SURINAME STAAT OP het punt de internationale koolstofmarkt te betreden. Naast exploitatie van zijn natuurlijke hulpbronnen zoals hout, olie, gas en andere delfstoffen wil de regering ook de koolstofmarkt als potentiële inkomstenbron benutten ter ondersteuning van de nationale ontwikkeling.
Olie en gas worden katalysator van de economische ontwikkeling van het land. Dat heeft president Santokhi de aanwezigen bij de officiële opening van de derde Suriname Energy, Oil and Gas Summit in Royal Torarica voorgehouden.
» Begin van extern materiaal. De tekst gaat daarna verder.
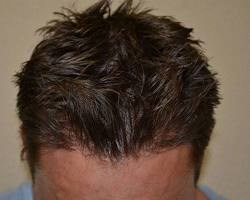 Amincissement des cheveux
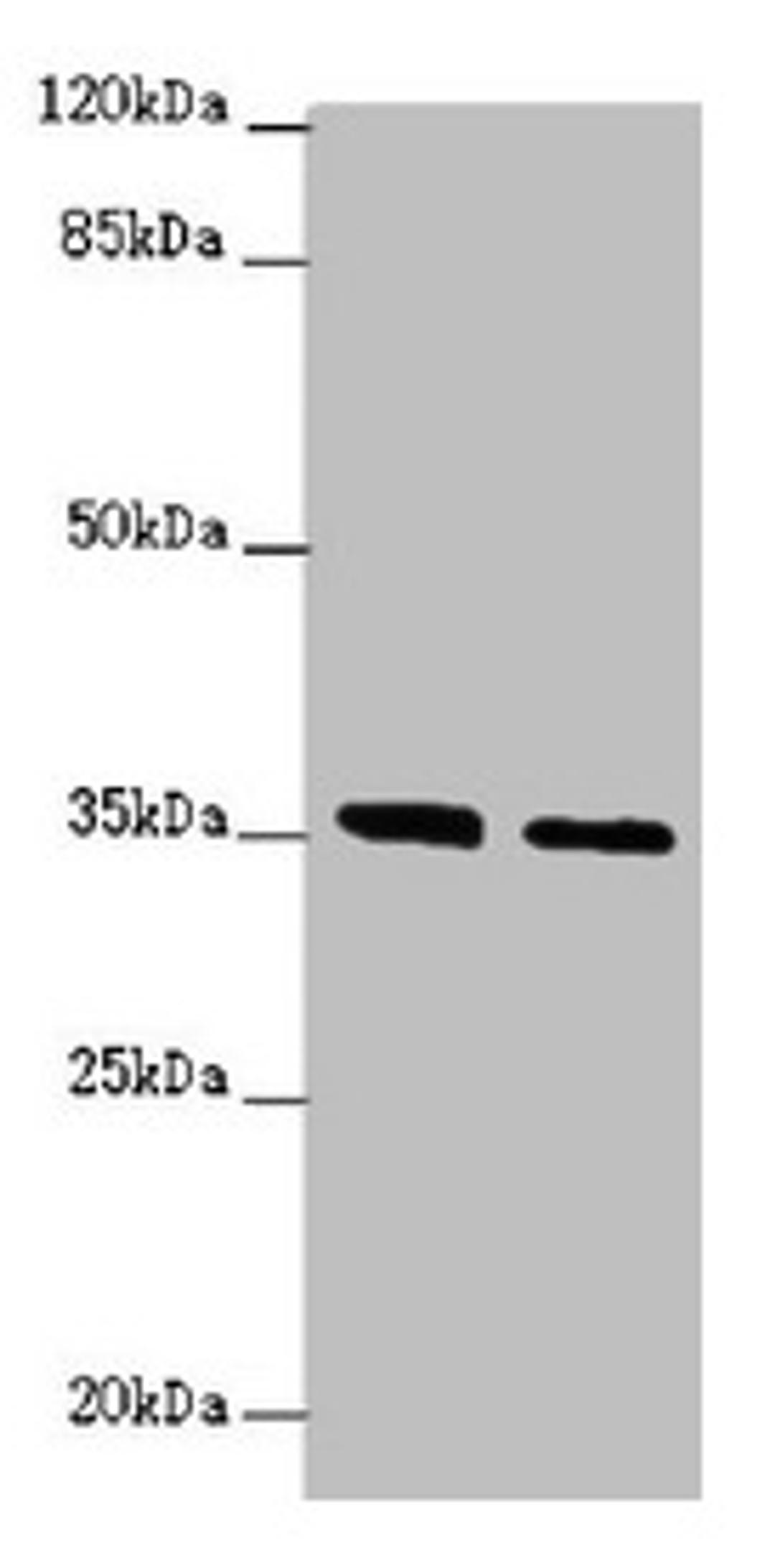 Western blot. All lanes: OSGEP antibody at 2.04µg/ml. Lane 1: Jurkat whole cell lysate. Lane 2: PC-3 whole cell lysate. Secondary. Goat polyclonal to rabbit IgG at 1/10000 dilution. Predicted band size: 36 kDa. Observed band size: 36 kDa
Het staatshoofd stelde daarbij dat de regering zich onwrikbaar ten doel heeft gesteld het institutionele kader te ontwikkelen om Suriname op een duurzame basis tot een ontwikkelingsland te maken. De olie- en gasvoorraden voor de kust zullen als katalysator dienen voor deze ontwikkeling.
Met de inkomsten uit olie- en gaswinning zal de ontwikkeling van andere economische sectoren en diversificatie van de economie worden gefinancierd. Het ontwikkelen van hernieuwbare energiebronnen zal ook worden gestimuleerd en op termijn zal het gebruik van fossiele brandstoffen worden afgebouwd.
Suriname zal zijn status als CO2-negatief en groenste land op aarde inzetten om geld te verdienen op de koolstofmarkt. President Santokhi somde verschillende modellen op waarvan Suriname gebruik zou kunnen maken. Plannen van de regering om via de zogenoemde carbon credits geld te verdienen zijn overigens niet van nu.
De eerste geluiden dateren van de periode van Michael Jong Tjien Fa als minister van Ruimtelijke Ordening, Grondbeheer en Bosbeleid meer dan tien jaar geleden. De afgelopen jaren is het steeds bij praten gebleven, maar concrete acties van opeenvolgende regeringen zijn uitgebleven.
Naarmate er internationaal steeds meer stemmen opgaan om de vervuilende fossiele brandstoffen en productie daarvan in de ban te doen is het geboden dat de regering nog meer vaart zet achter de intenties om carbon creditfondsen binnen te halen. Deze potentiële inkomstenbron is al veel te lang onbenut gebleven.